◆ **Materials provided**:
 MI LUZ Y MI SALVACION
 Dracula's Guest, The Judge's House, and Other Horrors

---

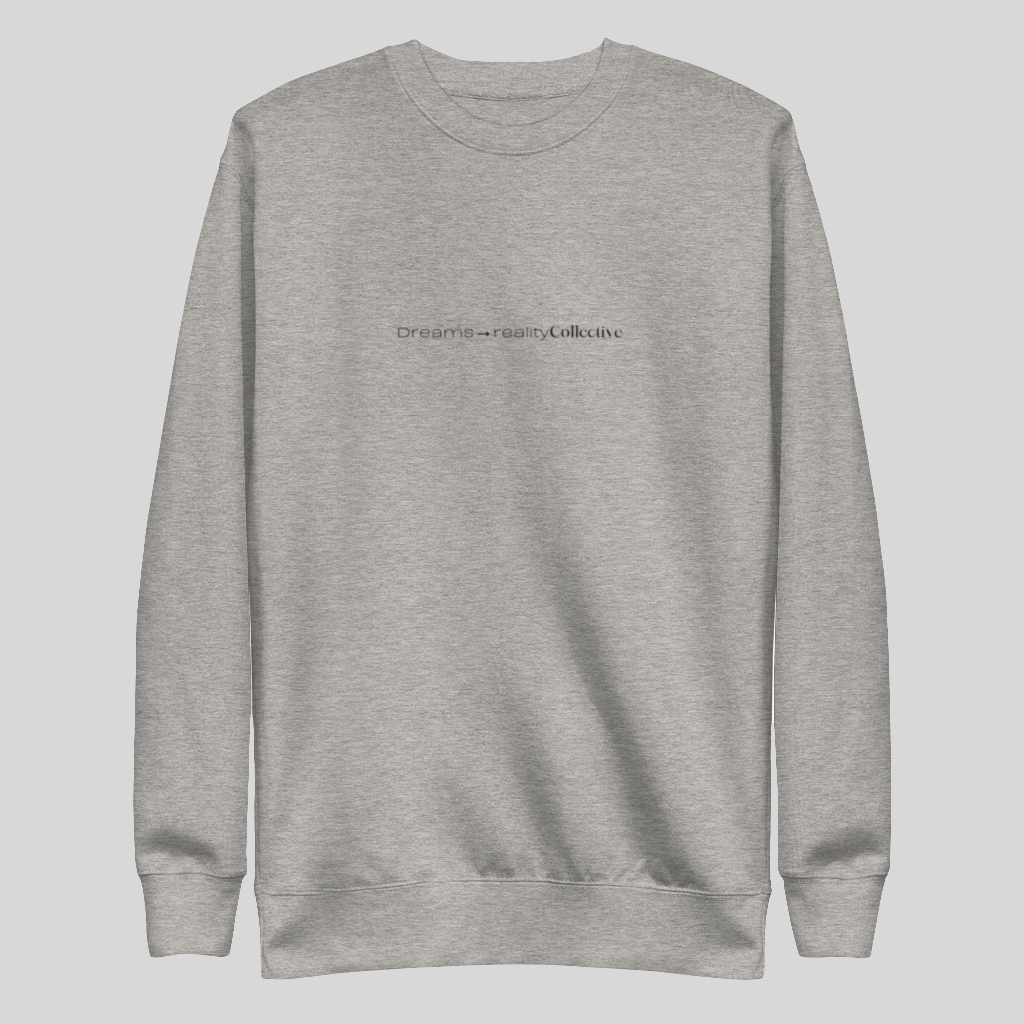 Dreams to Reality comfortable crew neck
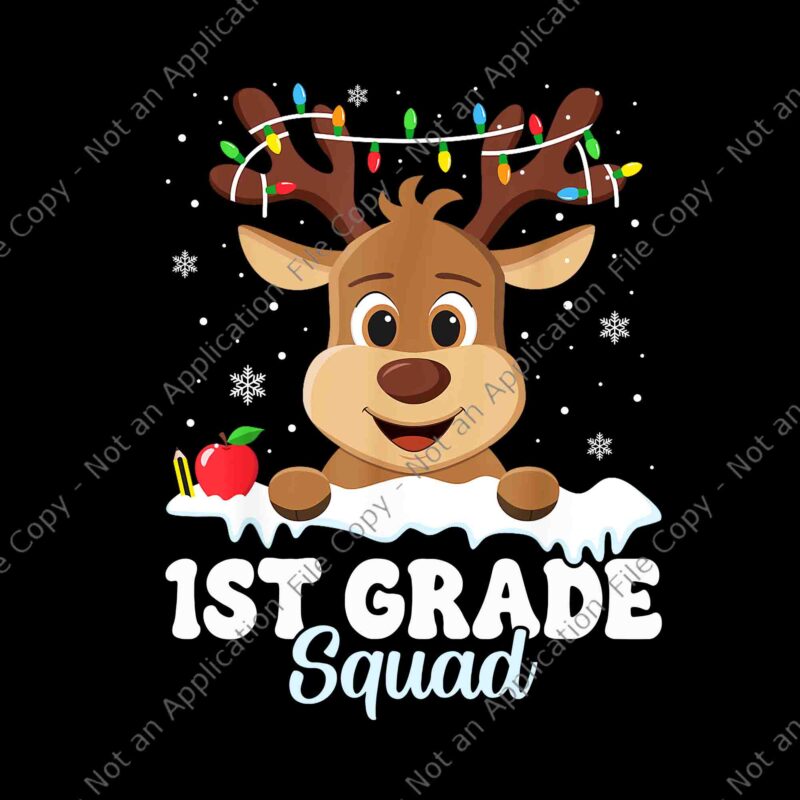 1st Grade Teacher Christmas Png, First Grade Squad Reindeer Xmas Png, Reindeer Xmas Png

==

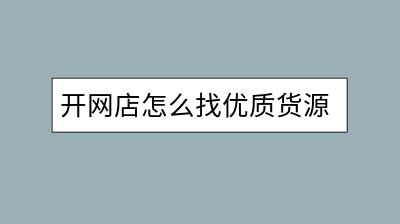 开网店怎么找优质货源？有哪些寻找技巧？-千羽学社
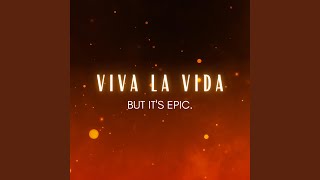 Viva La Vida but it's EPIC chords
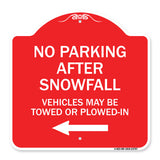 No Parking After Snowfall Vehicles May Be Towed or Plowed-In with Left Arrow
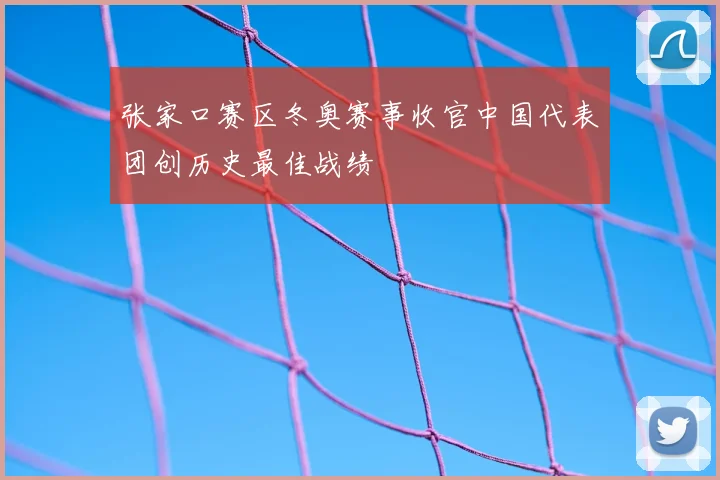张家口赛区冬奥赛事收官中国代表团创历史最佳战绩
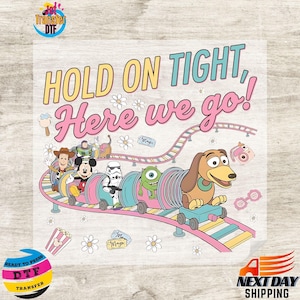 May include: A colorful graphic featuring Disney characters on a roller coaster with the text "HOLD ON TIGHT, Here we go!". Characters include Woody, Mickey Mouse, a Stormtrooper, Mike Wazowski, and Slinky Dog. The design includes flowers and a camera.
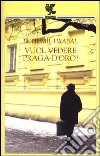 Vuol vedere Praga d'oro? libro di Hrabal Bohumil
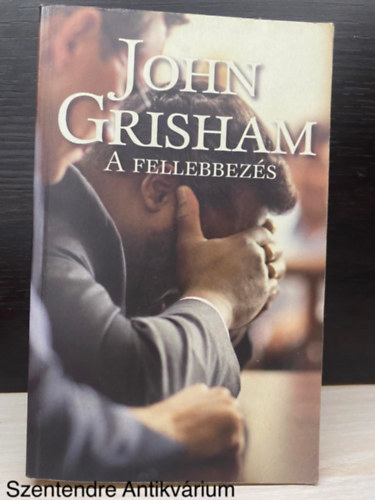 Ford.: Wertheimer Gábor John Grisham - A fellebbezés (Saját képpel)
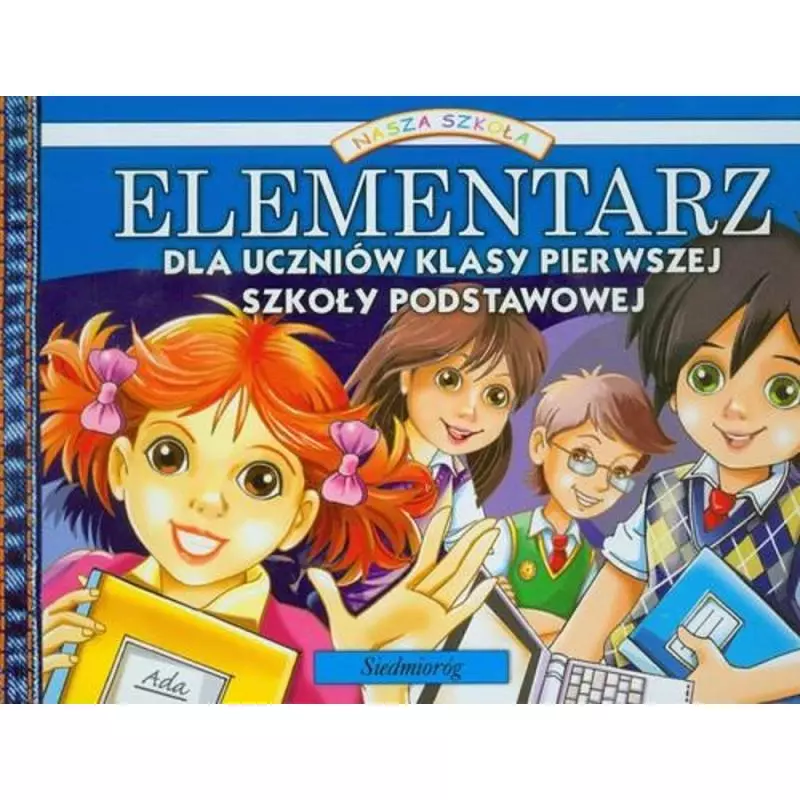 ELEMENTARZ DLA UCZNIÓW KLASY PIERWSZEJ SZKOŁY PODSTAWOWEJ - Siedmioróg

◆ **Goal of the exercise**: Set down, from the entries above, exactly the lines from the one with "MI LUZ Y MI SALVACION" up to and including the one with "Dracula's Guest, The", and no other lines.

◆ **Reply**:
 MI LUZ Y MI SALVACION
 Dracula's Guest, The Judge's House, and Other Horrors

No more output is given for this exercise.